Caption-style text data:
----------
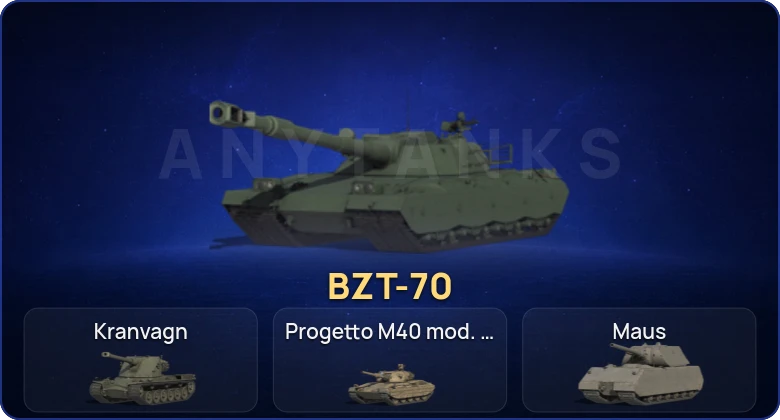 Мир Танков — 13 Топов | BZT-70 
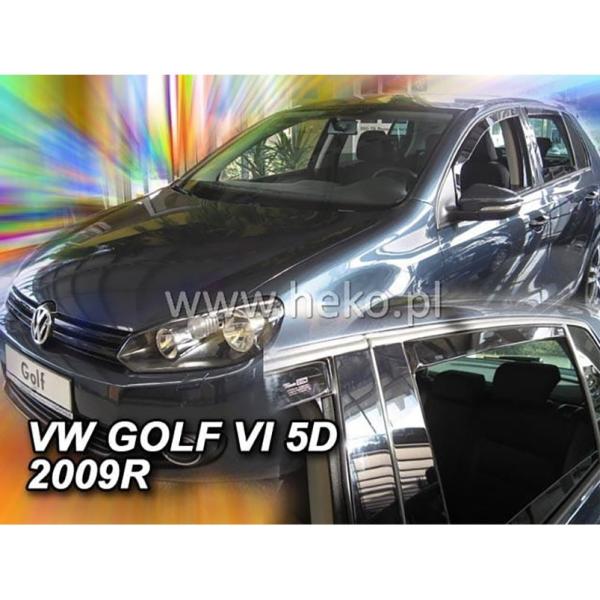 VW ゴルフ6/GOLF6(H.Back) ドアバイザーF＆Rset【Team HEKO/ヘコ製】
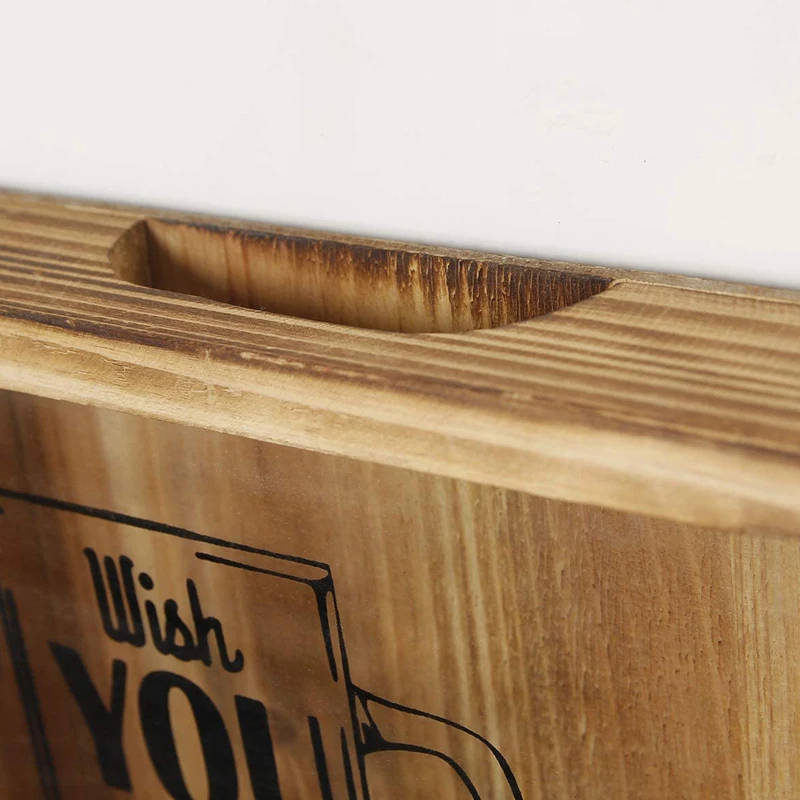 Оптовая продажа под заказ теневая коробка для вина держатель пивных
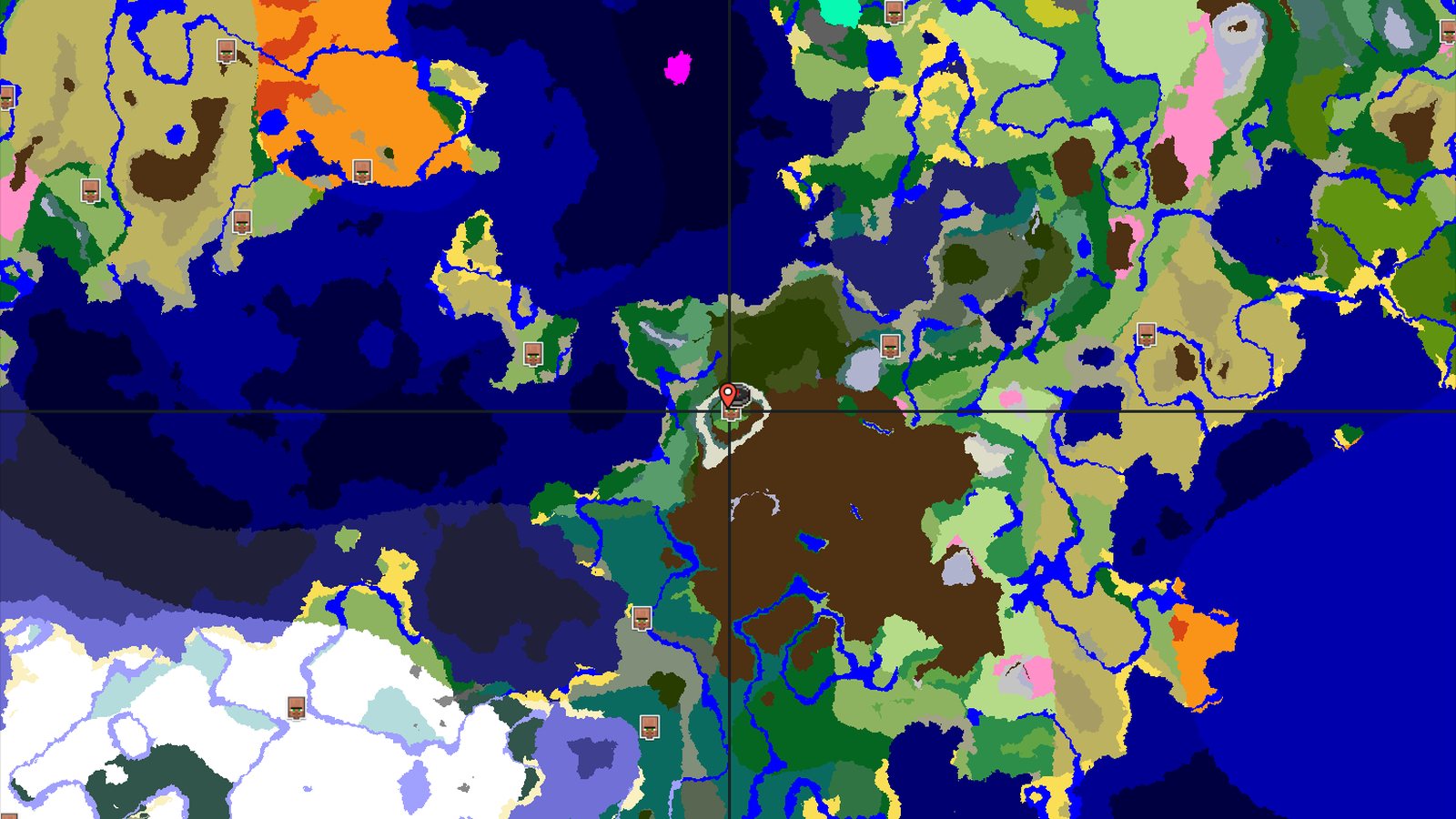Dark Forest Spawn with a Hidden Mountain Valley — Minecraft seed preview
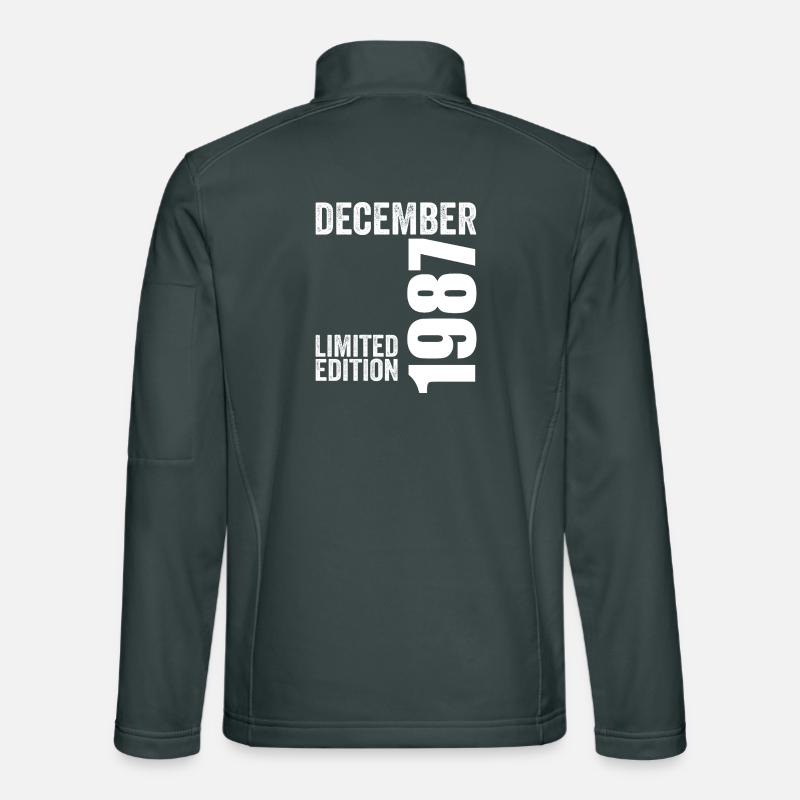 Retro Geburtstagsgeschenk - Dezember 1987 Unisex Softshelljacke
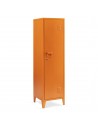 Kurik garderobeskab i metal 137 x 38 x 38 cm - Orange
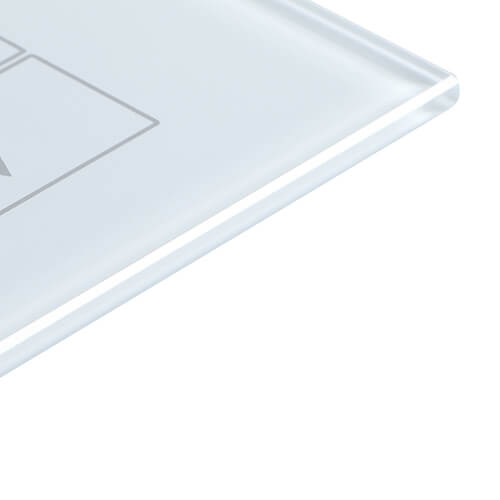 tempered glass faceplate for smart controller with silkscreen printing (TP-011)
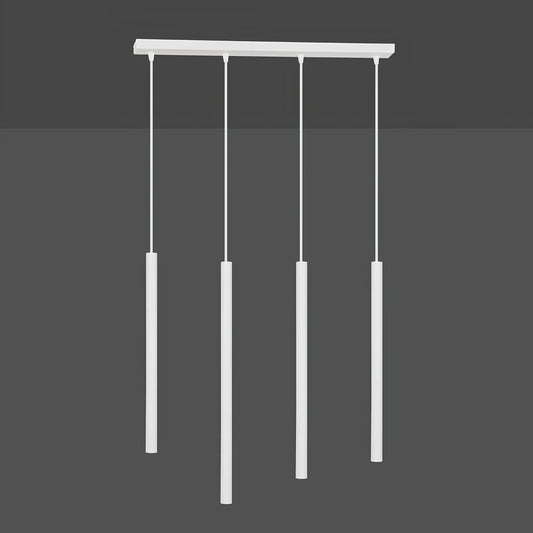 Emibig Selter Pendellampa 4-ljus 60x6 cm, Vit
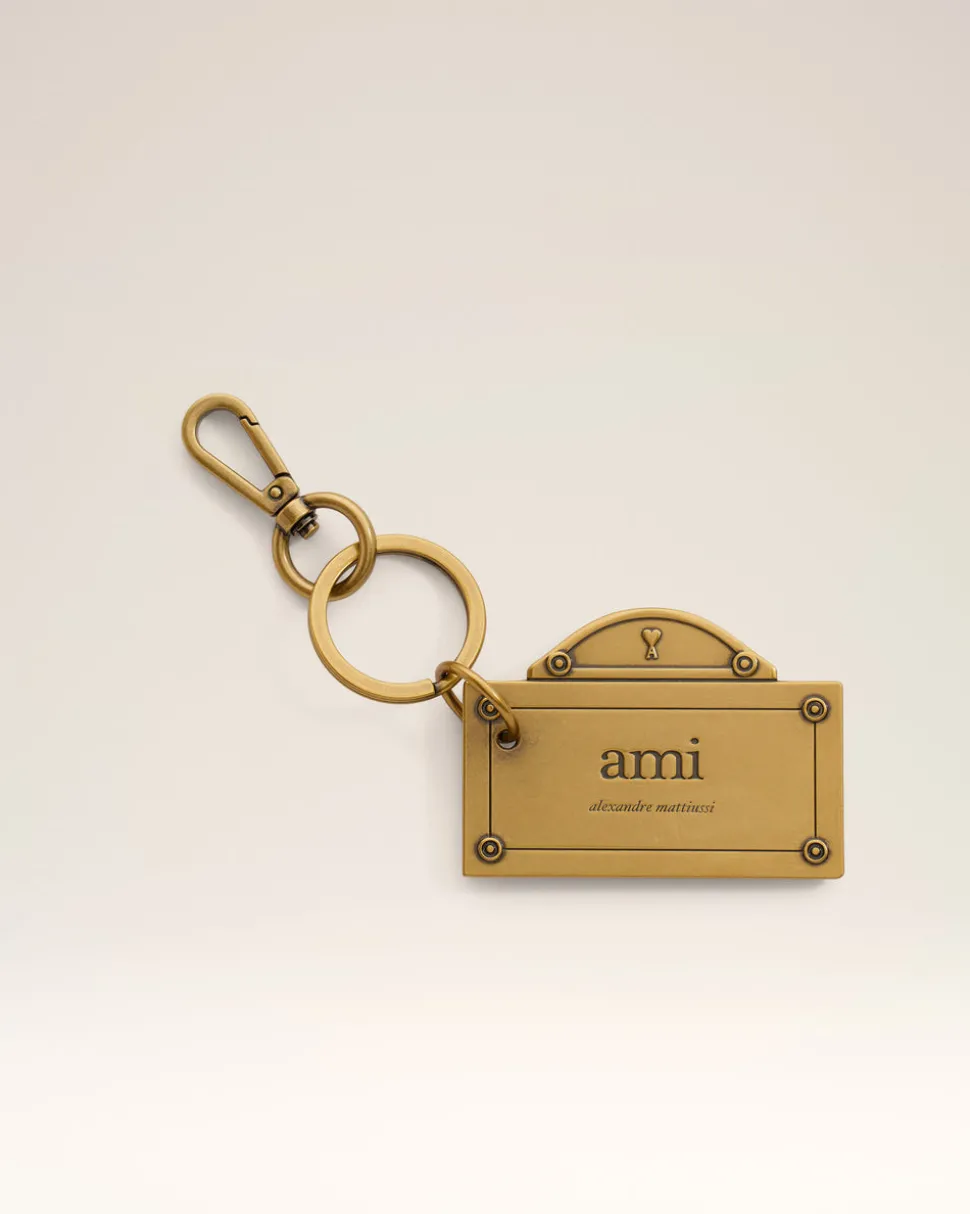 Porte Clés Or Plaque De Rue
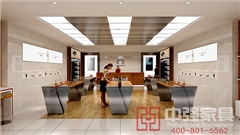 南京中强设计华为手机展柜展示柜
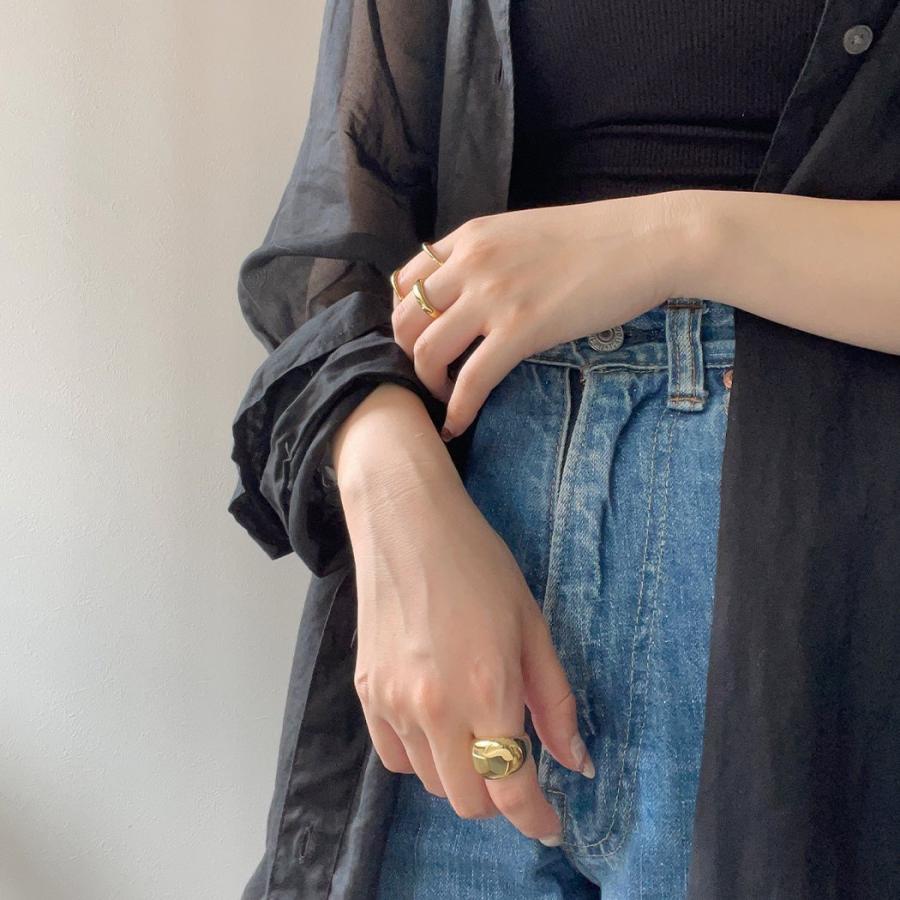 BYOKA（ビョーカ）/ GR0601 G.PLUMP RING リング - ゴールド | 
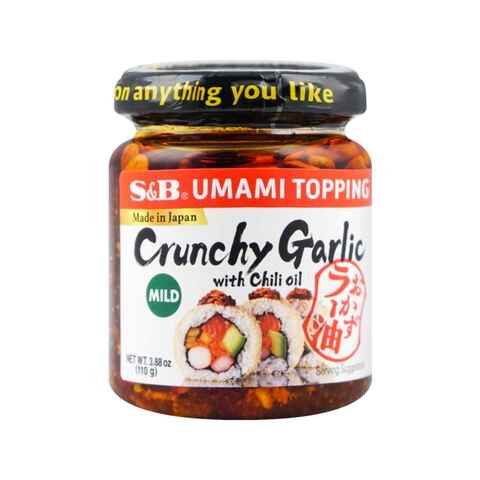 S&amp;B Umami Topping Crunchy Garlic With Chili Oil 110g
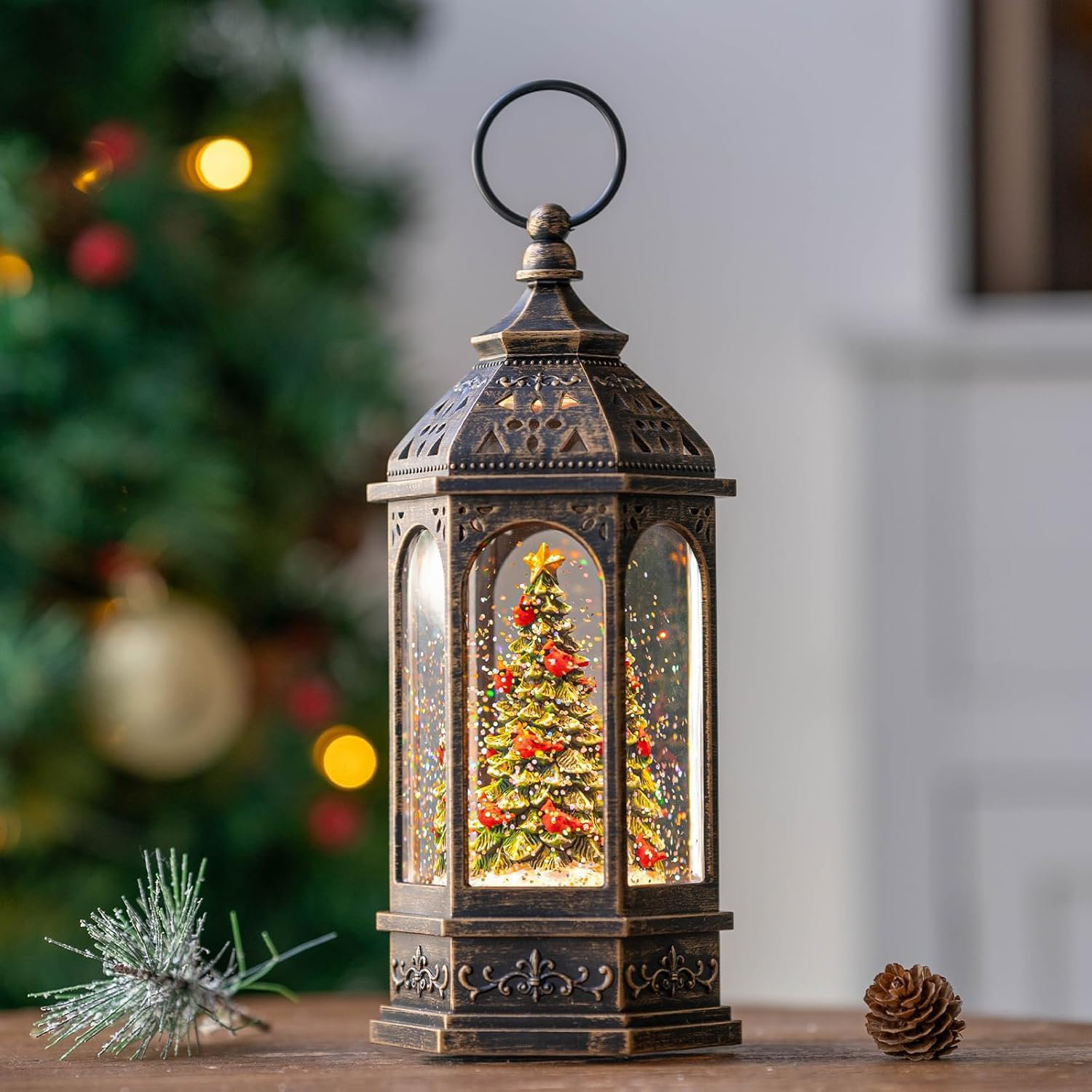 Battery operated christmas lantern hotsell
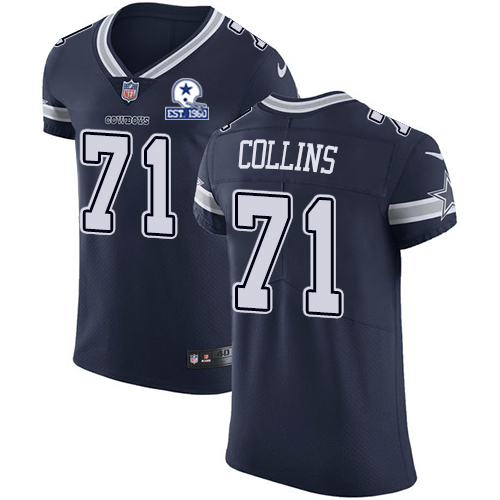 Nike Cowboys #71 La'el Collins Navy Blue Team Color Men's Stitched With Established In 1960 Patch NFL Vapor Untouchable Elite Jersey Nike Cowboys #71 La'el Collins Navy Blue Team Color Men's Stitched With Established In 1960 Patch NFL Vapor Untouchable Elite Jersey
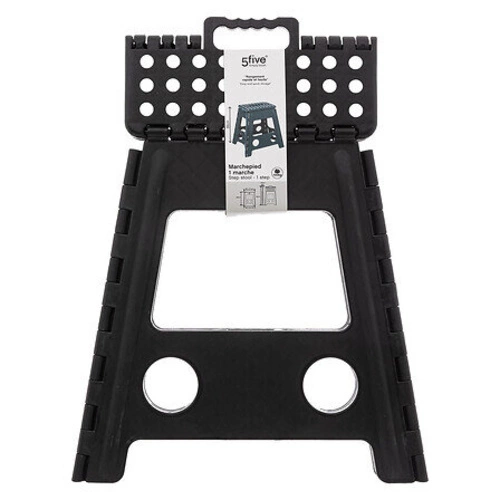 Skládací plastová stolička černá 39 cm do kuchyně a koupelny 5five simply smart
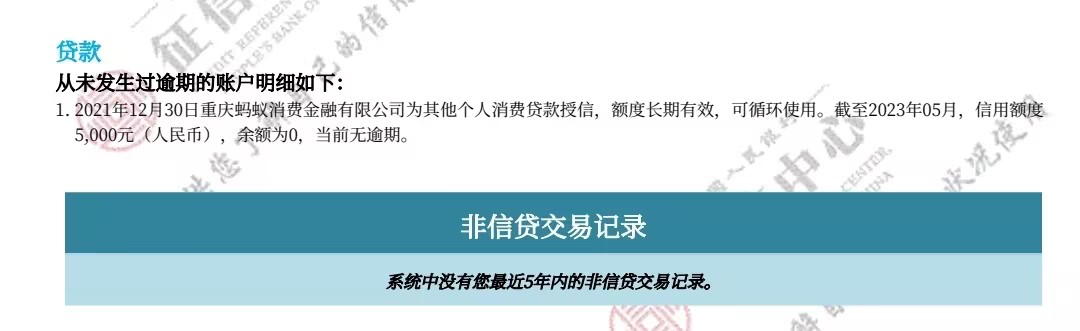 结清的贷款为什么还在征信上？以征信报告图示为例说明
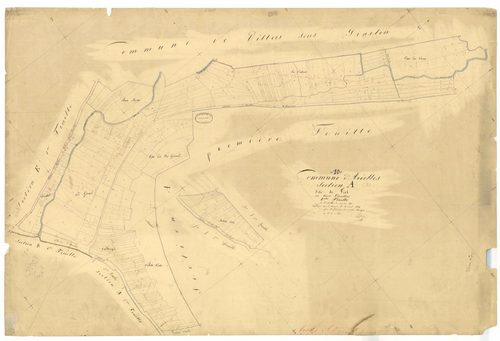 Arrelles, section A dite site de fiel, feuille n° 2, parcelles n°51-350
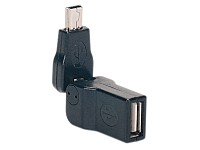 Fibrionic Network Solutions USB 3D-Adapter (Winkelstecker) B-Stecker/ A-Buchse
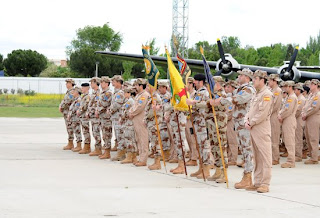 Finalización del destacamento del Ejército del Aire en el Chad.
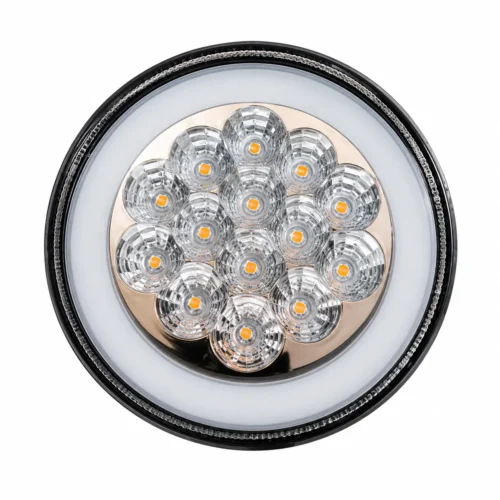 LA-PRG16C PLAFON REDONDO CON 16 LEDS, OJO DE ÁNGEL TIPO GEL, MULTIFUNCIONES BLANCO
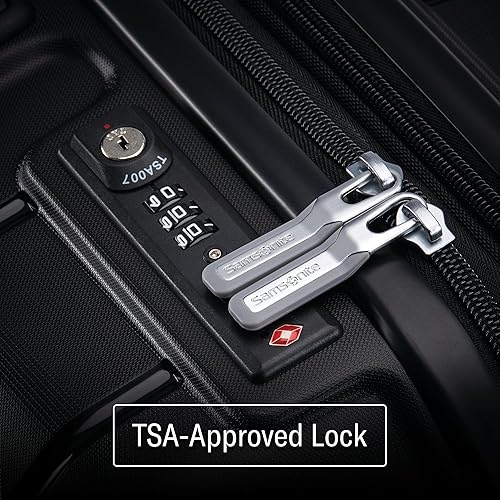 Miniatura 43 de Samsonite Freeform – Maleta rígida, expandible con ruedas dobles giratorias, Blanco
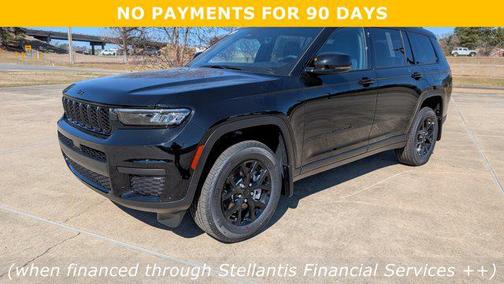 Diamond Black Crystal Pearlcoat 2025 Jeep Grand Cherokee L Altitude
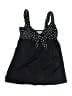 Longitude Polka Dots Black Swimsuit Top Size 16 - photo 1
----------
_Brief_:
Restate word for word the lines that begin at the one containing "Diamond Black Crystal" and end with the final line of the records. Pictures stay out.

_Exercise result_:
 Diamond Black Crystal Pearlcoat 2025 Jeep Grand Cherokee L Altitude
 Longitude Polka Dots Black Swimsuit Top Size 16 - photo 1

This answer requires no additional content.